For arts administrators who are seeking to reach newcomers, this study may not be the most useful resource.
Classical music audiences have been declining for decades. Our Loyalists are aging out (50% of CI’s survey respondents were over the age of 65) and we’re not replacing these Loyalists fast enough to sustain attendance. Alarmingly, more than 48% of the US population doesn't feel welcome in the classical music world.
Basing marketing strategy on responses from Insiders won’t uncover insights that will help us bring in Outsiders. (These respondents are Insiders who have so much affinity with an arts organization that they’re willing to spend the time to complete a survey—not an easy feat in today’s busy world.)
One of CI’s favorite findings was that the most influential source of information impacting ticket buyers’ purchasing decisions was content from the organization itself. Their conclusion: organizational content should be a major focus of your marketing strategy. This likely works for Insiders—but not for newcomers. Why?
First, since Outsiders aren’t following you on your social platforms, your content will only reach your Insiders. This doesn’t spur growth. And even if it does reach Outsiders, they won’t find it relevant—unless it is designed to show them how your offering is relevant to their life.
Second, research in the wider world shows that user-generated content is currently the most powerful tool at our disposal:
User-Generated Content typically gets 600-700% more engagement than branded content
97% of all online shoppers who have interacted with UGC are more likely to convert
93% of shoppers find user-generated content useful and rely on it when making a purchase decision
For 86% of millennials, UGC has become a key indicator of brand quality and trustworthiness
Context is Key
But more importantly, business theorists tell us that oceans of data, such as what social media platforms our customers are on, what devices they use, where they find out about our events, or where they consume their news and media, still doesn’t tell us why they buy.
Correlation does not equal causation. A survey cannot provide the rich context we need for decision making in both marketing and strategy. Without enough context around customer motivation—functional, social, and emotional—we simply cannot confidently predict or influence customer behavior.
The Jobs to Be Done methodology was developed to address this limitation, to help innovators create new products they could be confident would succeed. This confidence comes from deeply understanding the real life customer—their struggles, their anxieties, the path they take towards making a purchase—through comprehensive, one-on-one customer interviews.

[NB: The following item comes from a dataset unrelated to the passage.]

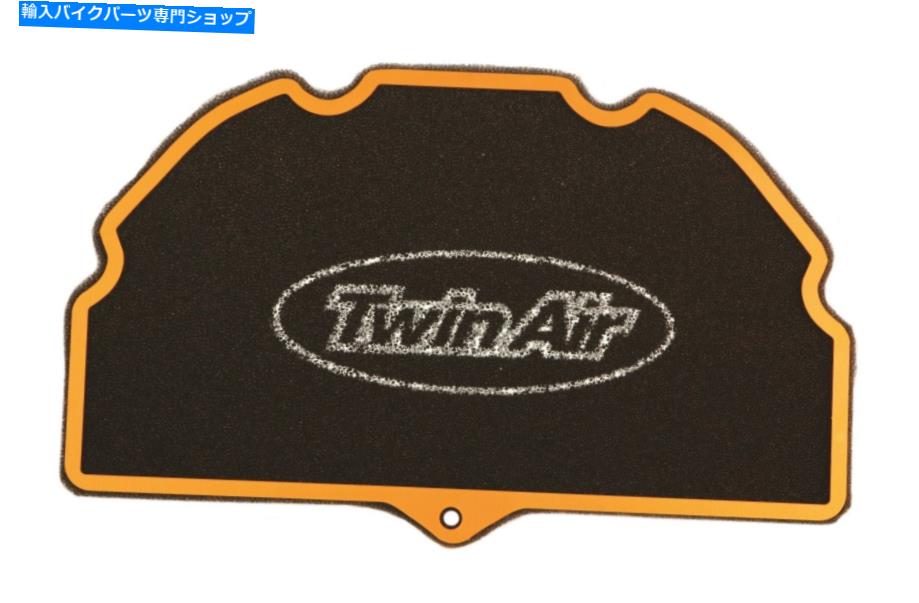 Twin Air Pre-Oiled Backfire Replacement Air Filter (158631FRX)カテゴリAir Filter状態海外直輸入品 新品メーカー車種発送詳細 送料無料 （※北海道、沖縄、離島は省く）商品詳細輸入商品の為、英語表記となります。Condition: NewBrand: Twin AirManufacturer Part Number: 158631FRX《ご注文前にご確認ください》■海外輸入品の為、NC・NRでお願い致します。■取り付け説明書は基本的に付属しておりません。お取付に関しましては専門の業者様とご相談お願いいたします。■通常2〜4週間でのお届けを予定をしておりますが、天候、通関、国際事情により輸送便の遅延が発生する可能性や、仕入・輸送費高騰や通関診査追加等による価格のご相談の可能性もございますことご了承いただいております。■海外メーカーの注文状況次第では在庫切れの場合もございます。その場合は弊社都合にてキャンセルとなります。■配送遅延、商品違い等によってお客様に追加料金が発生した場合や取付け時に必要な加工費や追加部品等の、商品代金以外の弊社へのご請求には一切応じかねます。■弊社は海外パーツの輸入販売業のため、製品のお取り付けや加工についてのサポートは行っておりません。専門店様と解決をお願いしております。■大型商品に関しましては、配送会社の規定により個人宅への配送が困難な場合がございます。その場合は、会社や倉庫、最寄りの営業所での受け取りをお願いする場合がございます。■輸入消費税が追加課税される場合もございます。その場合はお客様側で輸入業者へ輸入消費税のお支払いのご負担をお願いする場合がございます。■商品説明文中に英語にて”保証”関する記載があっても適応はされませんのでご了承ください。■海外倉庫から到着した製品を、再度国内で検品を行い、日本郵便または佐川急便にて発送となります。■初期不良の場合は商品到着後7日以内にご連絡下さいませ。■輸入商品のためイメージ違いやご注文間違い当のお客様都合ご返品はお断りをさせていただいておりますが、弊社条件を満たしている場合はご購入金額の30％の手数料を頂いた場合に限りご返品をお受けできる場合もございます。(ご注文と同時に商品のお取り寄せが開始するため)（30％の内訳は、海外返送費用・関税・消費全負担分となります）■USパーツの輸入代行も行っておりますので、ショップに掲載されていない商品でもお探しする事が可能です。お気軽にお問い合わせ下さいませ。[輸入お取り寄せ品においてのご返品制度・保証制度等、弊社販売条件ページに詳細の記載がございますのでご覧くださいませ]&nbsp;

Call it customer centricity to make it feel more accessible, but the Jobs to Be Done approach is so much more than that. It helps marketers powerfully connect to their target audiences with empathy and relevance—building a level of trust that data mining never will.
Embrace the Hate to Innovate
Perhaps even more important than understanding your Insiders is talking to your haters. Take it from Nintendo, Dollar Shave Club, and Aubrey Bergauer: It’s a conversation that’s worth its weight in gold. While your loyal audiences can be counted on to tell you what you want to hear, the haters will tell you what you need to hear. Unpacking why you failed to attract Outsiders is the only way to understand how to engage them in the future. Let’s get the Wallace Foundation to fund this as an audience-building initiative!
Smarter Not Harder
Arts administrators: It’s time to work smarter, not harder. I’m not saying do more; I’m saying start thinking differently. It’s no longer enough to think one season at a time, which results in a dangerously myopic view of our audiences. We need a paradigm shift.
The time to plan for the future of the classical music world is now.